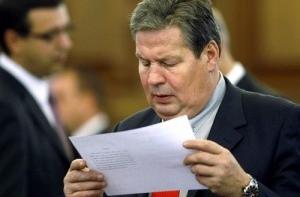Комиссия не передала в Сейм антикоррупционные поправки
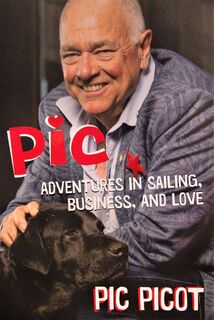 Pic - Adventures in Sailing Business and Love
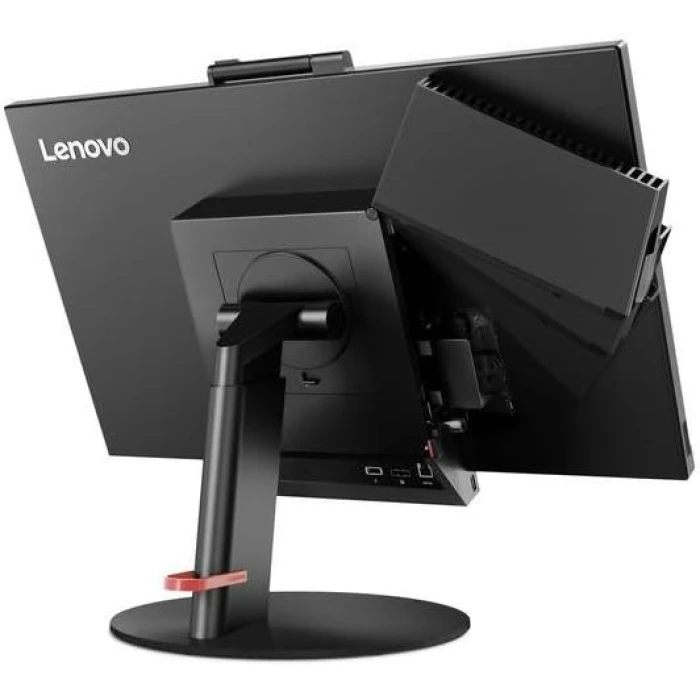 Refurbished24 LENOVO M710Q TINY AIO 24" TOUCH Monitor (I5-6400T/8GB/256GB SSD/FHD/W10 Pro GR)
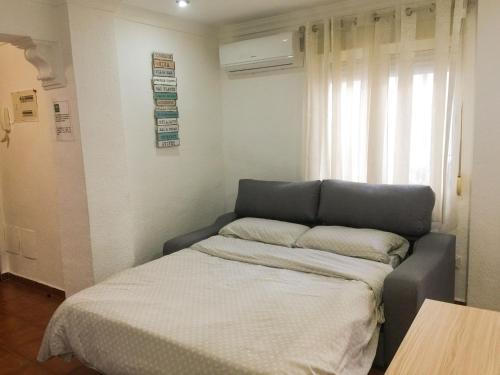 Luchana Apartment, Málaga (fotografie 10)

The task. Set down the material above exactly. Skip any picture.

Written response.
Комиссия не передала в Сейм антикоррупционные поправки
 Pic - Adventures in Sailing Business and Love
 Refurbished24 LENOVO M710Q TINY AIO 24" TOUCH Monitor (I5-6400T/8GB/256GB SSD/FHD/W10 Pro GR)
 Luchana Apartment, Málaga (fotografie 10)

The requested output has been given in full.